This will run the entire pipeline:

> mlflow run .

Alternatively, this runs only the specified list of steps of the pipeline:

> mlflow run . -P steps=download,basic_cleaning

In addition, every config parameter in the hydra config file (config.yaml) can be overwritten on the command line

> mlflow run . -P hydra_options="modeling.random_forest.n_estimators=100 etl.sample='sample1.csv'"

Testing a model needs to especially call the test step after training and validation

> mlflow run . -P steps=test_regression_model

The pipeline can also run with no other pre-requisite than a MLflow installation, by executing the repo directly in mlflow run. A git tag/release can be specified to run a specific release of the code, instead of the latest. Additionally, the parameters can still be overwritten via the command line.

> mlflow run https://github.com/luckyluks/price-prediction-pipeline.git \
             -v <the version/release tag you want to use, like 1.0.0> \
             -P hydra_options="etl.sample='sample2.csv'"

Conclusion

Summary

The full pipeline was developed and can run on any host. Performance-wise the tested random forest model performs decent on the given data, as can be seen in the following table.
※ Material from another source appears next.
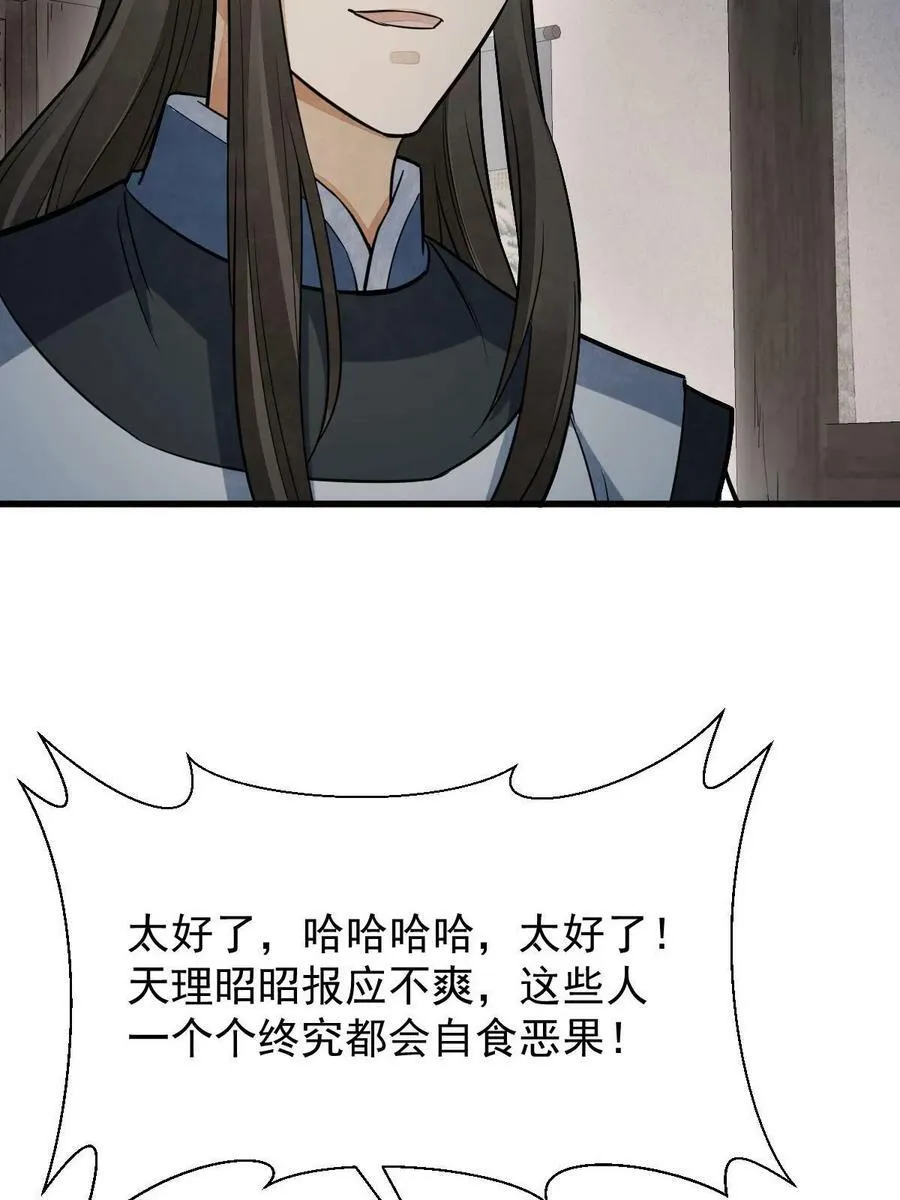 第198话 第35页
It seems to not overfit, but the overall performance has potential to improve.

Name (provided datasets)	r_square (train)	mae (train)	r_square (test)	mae (test)
sample1.csv (20000 samples)	0.5594	33	0.5736	32.719
sample2.csv (48895 samples)	0.58823	30.98231	0.6115	31.07164

Note: it can be seen, that the model improves with more data samples

Opportunities for future improvement

As the focus on this project was to develop and maintain a flexible and reproducible end to end ML pipeline for the given problem, the explorative part could be improved as the following, to improve the overall performance of the models on the problem:

Extend the EDA, with more graphs, deeper insight in distributions, construct features
Include the steps into the preprocessing and modeling of the inference pipeline
Test out other models or even other ML/DL frameworks
Deploy the pipeline on a performant hardware to be able more extensive sweeps (idealy with an implementation of the WandB agent to deploy sweep runs)